Таня рассказывала про их жизнь?– как приехали и как оказались здесь, для новеньких репатриантов не самом дешевом месте, но здесь были дальние родственники, у которых остановились по приезде. И чуть ли не на следующий день нашли съемное жилье. Потом много лет жили в вагончике, ситуация обыкновенная для поселений, но не для респектабельного Раанана, к тому же Таня, будучи, по сути, безработной, участвовала на общественных началах в работе городского совета, занималась проблемами репатриантов из России. То есть могла бы, наверно, как-то подсуетиться и получить жилье. Но Таня оказалась не слишком «суетливой», жилье они получили относительно недавно, когда вырос Миша и можно было включиться в программу помощи для молодых семей, то есть через Мишу в качестве потенциального молодожена. Яша работал, как я понимаю, эпизодически. То есть трудно врастал в здешнюю жизнь. Человек в себе.

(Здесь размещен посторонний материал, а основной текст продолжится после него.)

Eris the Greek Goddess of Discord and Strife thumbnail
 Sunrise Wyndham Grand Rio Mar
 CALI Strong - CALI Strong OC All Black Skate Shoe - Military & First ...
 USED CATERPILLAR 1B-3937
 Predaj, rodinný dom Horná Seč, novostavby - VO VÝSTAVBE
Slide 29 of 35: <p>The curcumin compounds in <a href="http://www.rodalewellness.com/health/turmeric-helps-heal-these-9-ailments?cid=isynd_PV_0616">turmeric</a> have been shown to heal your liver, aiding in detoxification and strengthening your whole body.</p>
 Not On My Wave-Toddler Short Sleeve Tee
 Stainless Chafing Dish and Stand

Жили трудно, но при этом Таня практически не изменилась, такая же клокотушечка с острым языком: «Наши вели себя здесь так же, как и дома, в СССР они выстраивались в очередь на вступление в партию, здесь?– в очередь на обрезания»?– это уже Танина интонация, продолжающая наш давний московский треп. После того, как у нее сложилась окончательно репутация толкового и активного работника, Таня получила предложение работать в политике и – отказалась. Сейчас она занимает хлопотную административную должность в жилищном хозяйстве Раананы.

Ну а Миша стал химиком, работает в фармацевтической компании.

Я спросил про фразу, произнесенную Таней на втором курсе, которая застряла у меня в голове, что-то вроде: «Как все-таки душно в еврейском окружении».